## WHAT YOU WILL DO
Your answer must be the lines of the material below, exactly as written, from its first line through the line with "Buchanan Square Arm", and no pictures.

## MATERIAL PROVIDED
++++
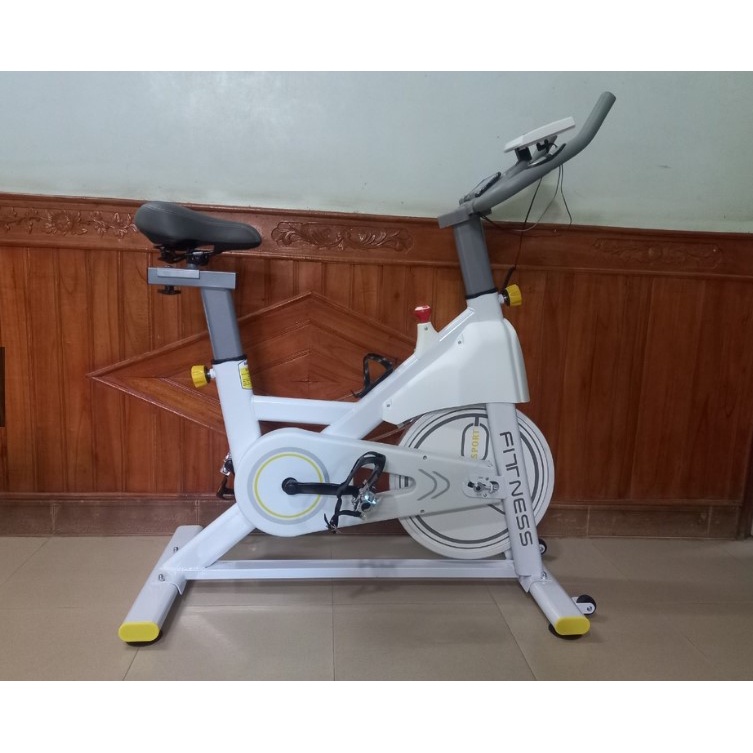 Xe đạp tập thể dục tại nhà Fitness Q8, KHÁNG TỪ không tạo tiếng ồn, Đồng hồ đo nhịp tim, Yên xe mềm và thoáng khí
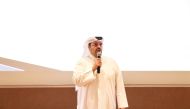 A Ministry of Labour official speaking during the seminar.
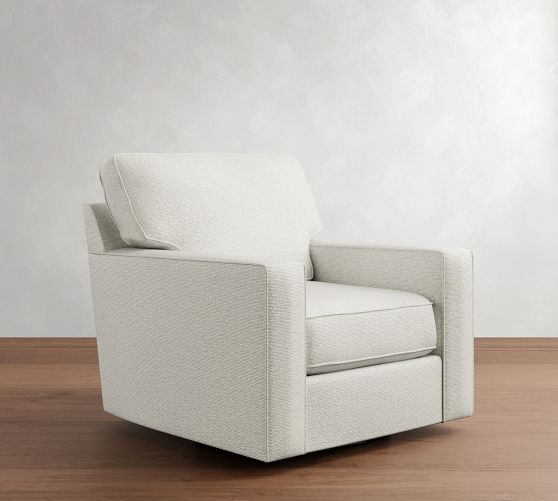 Buchanan Square Arm Swivel Chair by Pottery Barn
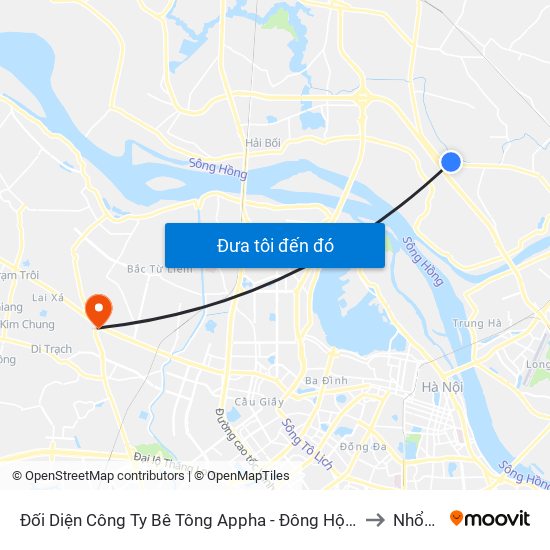 Đối Diện Công Ty Bê Tông Appha - Đông Hội  - Km 6+650 Quốc Lộ 3 to Nhổn City map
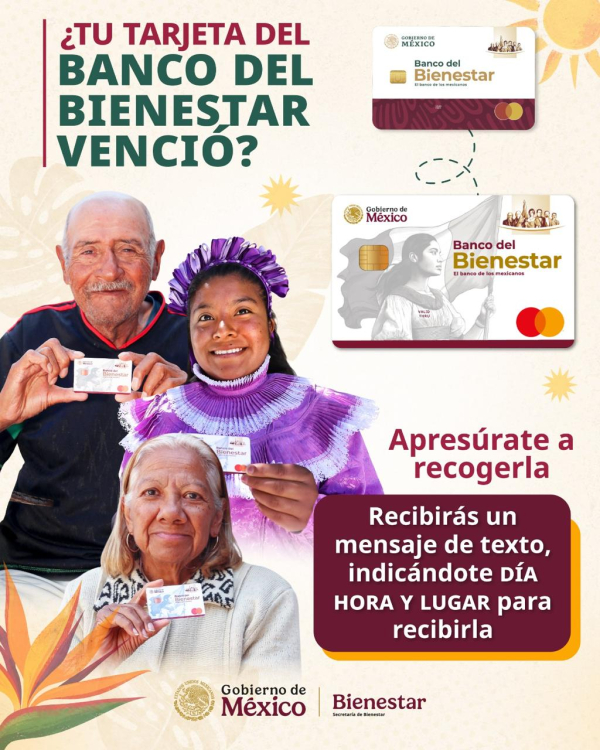 Bienestar Puebla repondr&aacute; m&aacute;s de 9 mil tarjetas vencidas del Banco del Bienestar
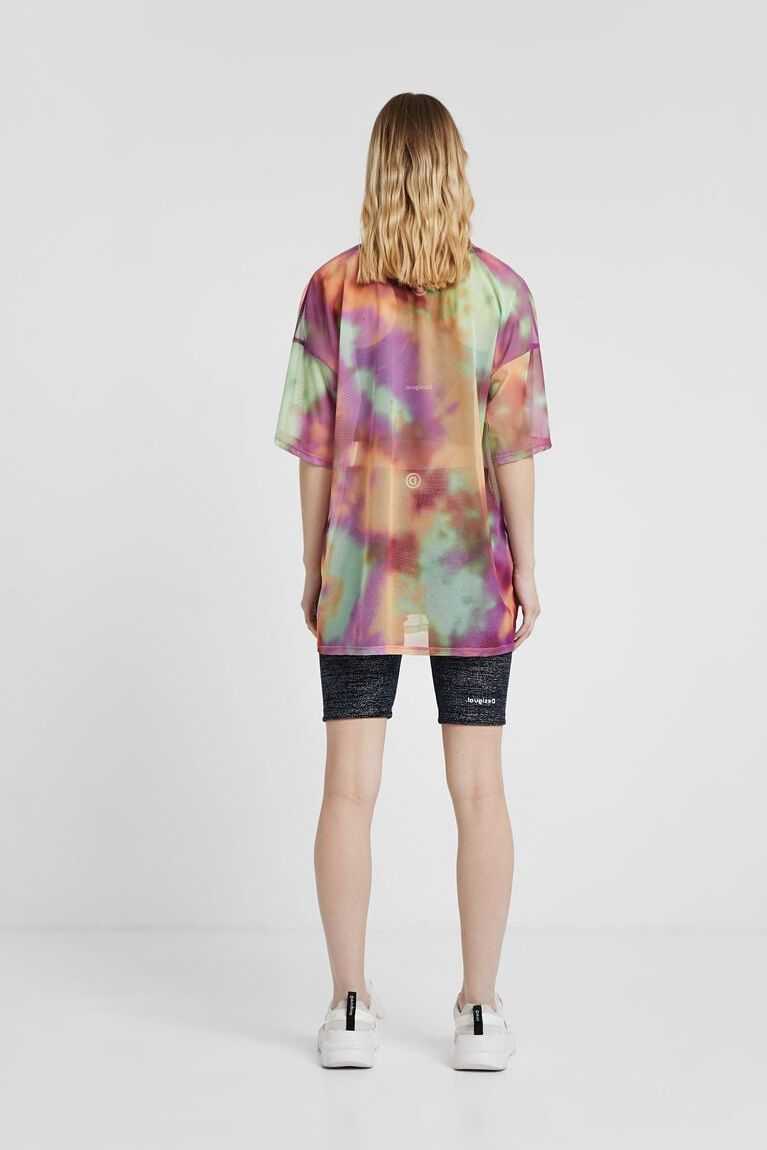 Dámské Tričko Desigual Tie-dye | 895427ODF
++++
## RESPONSE TO THE TASK
 Xe đạp tập thể dục tại nhà Fitness Q8, KHÁNG TỪ không tạo tiếng ồn, Đồng hồ đo nhịp tim, Yên xe mềm và thoáng khí
 A Ministry of Labour official speaking during the seminar.
 Buchanan Square Arm Swivel Chair by Pottery Barn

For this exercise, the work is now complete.